House debates

Thursday, 20 October 2016

Bills

Plebiscite (Same-Sex Marriage) Bill 2016; Second Reading

11:19 am

Photo of John AlexanderJohn Alexander (Bennelong, Liberal Party) Share this | Hansard source

I am very happy to speak on this bill, the Plebiscite (Same-Sex Marriage) Bill 2016, today. This issue is one of the more pressing on our social conscience. It has been prominent in the political world for months and will be until resolved.

In my role as a local representative, last year I conducted a survey of my local electorate on a number of issues. Every home and business in the electorate received a paper copy of the form, and it was also available online. The purpose was to get a complete snapshot of the views of local residents. We received a response from 10 per cent of all homes.

Perhaps unsurprisingly, of the 50 questions, the one on same-sex marriage raised the most comments. Of these thousands of responses on the question on marriage equality, those for and against came out at 50 to 50—to be precise, 49.53 to 50.47. This is a clear statement of where we are now. No doubt 20 or 30 years ago the result would have been very different.

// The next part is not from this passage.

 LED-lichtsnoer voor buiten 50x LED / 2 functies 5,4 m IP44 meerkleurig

What is also clear is that, on this issue, the poles are far apart. A large proportion of the supporters of marriage equality view its opponents as troglodytes who are stuck in the 19th century, have no sense of fairness and cannot apply the concepts of equality and nondiscrimination to the right to marry, while the opponents of same-sex marriage see its supporters as leftie troublemakers with no sense of decency, out to destroy millennia of the family unit.

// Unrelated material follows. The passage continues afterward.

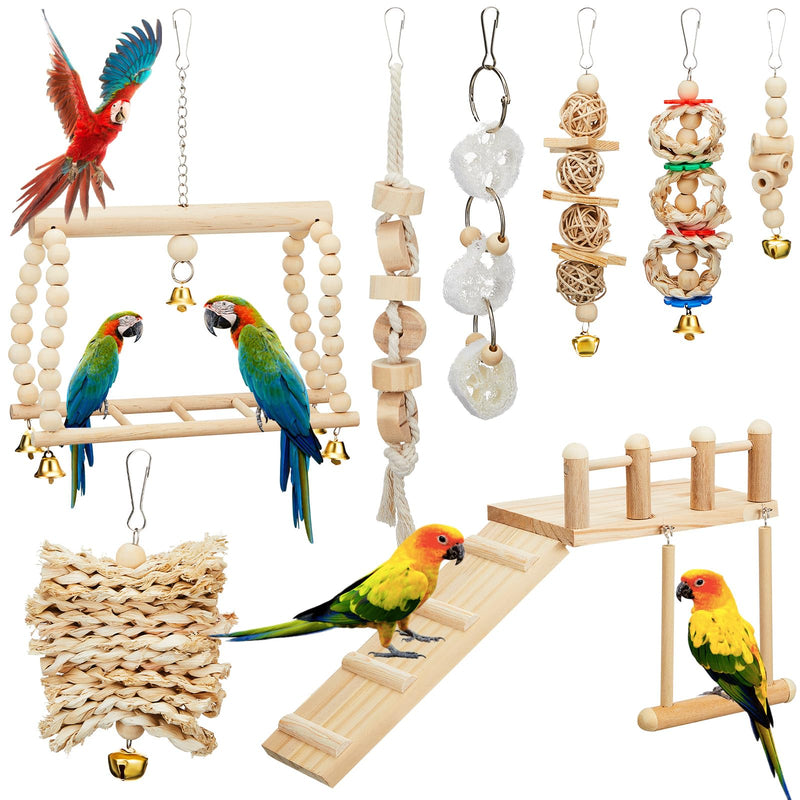 10 Pcs Parrot Swing Toys and Bird Perches Platform with Climbing Ladder Chewing Standing Hanging Parakeet Toys Bird Cage Accessories for Budgerigar Conure Cockatiel Love Birds and Finches - PawsPlanet Australia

As our former prime minister Tony Abbott has said, there are good and decent people on both sides of the debate, and neither should be thought less of when the decision is finally made. Regardless of the outcome of this debate, throughout our society it is essential that both sides recognise the strength and validity of their opponents' principles. Respect is crucial. This is a moral issue that goes to the belief systems that people have cherished for their entire lives. Such views are held for a particular reason—be it personal, religious or cultural—and are very hard to change. Whatever one's individual view, we must recognise the strength of the views of the other side. Seeking to demean the opposition is wrong. I understand that strongly held views, devout perspectives, live deeply within our psyche where emotions live. It is important that emotions do not cloud this debate. That said, I would like to focus my attention on one particular argument that has been around religious opposition to same-sex marriage. In my electorate I have had a lot of representations from people with religious backgrounds, who hold deep concerns about how same-sex marriage will affect their church. This is a vital issue. The separation of church and state is essential. This is a two-way street. Our politics is based on this notion, as are our current marriage laws. Churches currently have the right to place stipulations on those they choose to marry, and these are adhered to without calls of discrimination. In the event of marriage equality being successful in Australia, this distinction should remain. No church or institution should be forced to perform same-sex marriages, and any debate regarding individual religions' attitude to gay marriage should be confined to a discussion within that religion. This chamber is no place for a debate on the social decisions of individual religious groups.

This model was adopted in the UK, where they passed a similar law in 2013. Some churches jumped at the opportunity of growing their flock and immediately opened their doors to same-sex unions—for example, the Anglican Church, after a period of deep consideration, then decided to conduct same-sex services. Meanwhile, the Catholic Church decided to stay with their doctrine.

The opposite of this acceptance and celebration, unfortunately, was on display in my electorate recently. Election literature was handed out at Eastwood polling booth which carried a host of insults and doomsday predictions should certain parties who support gay marriage be voted in. It described homosexuality as a 'death curse' and suggested the election of some political parties would lead to rape in women's toilets. It recommended voting for the Christian Democratic Party, although the Christian Democratic Party have denied any knowledge of the leaflets and they carried no authorisation. Regardless of your stance on the issues at hand, these opinions are simply not welcome—not in Bennelong and not anywhere in Australia. I was very proud to run a positive campaign and had good relations with every one of my fellow candidates. As a result, the election was largely friendly, good natured and good to be a part of. Comments like these leave a bad taste in our mouths and undermine all the good work that has been done.

Part of the government's role is to provide the conditions for a society where everyone is equal and no-one feels discriminated against. These two central tenets of our society must be maintained through this debate and afterwards as well. We must respect each other though we disagree, and people must accept the decision once we have a final decision.

I would like to leave this debate with one thought. Our government has always aspired to be the guardians of equality in this country. However, what has been viewed as equality in one generation has not always been seen in the same light subsequently. Many shameful moments in our history have been accepted at the time with blinkered views of equality, and other shameful moments have come about because previous policies have not been updated to stay in step with the views of the day. Change to these laws is inevitable. This debate 30 years ago would not have been contentious. In comparison, the changing of the law in 2004 raised a discussion, but not one as all pervasive as the one we find ourselves in now. It is only a matter of time for equality and the elimination of discrimination that will welcome all people to the right to marry.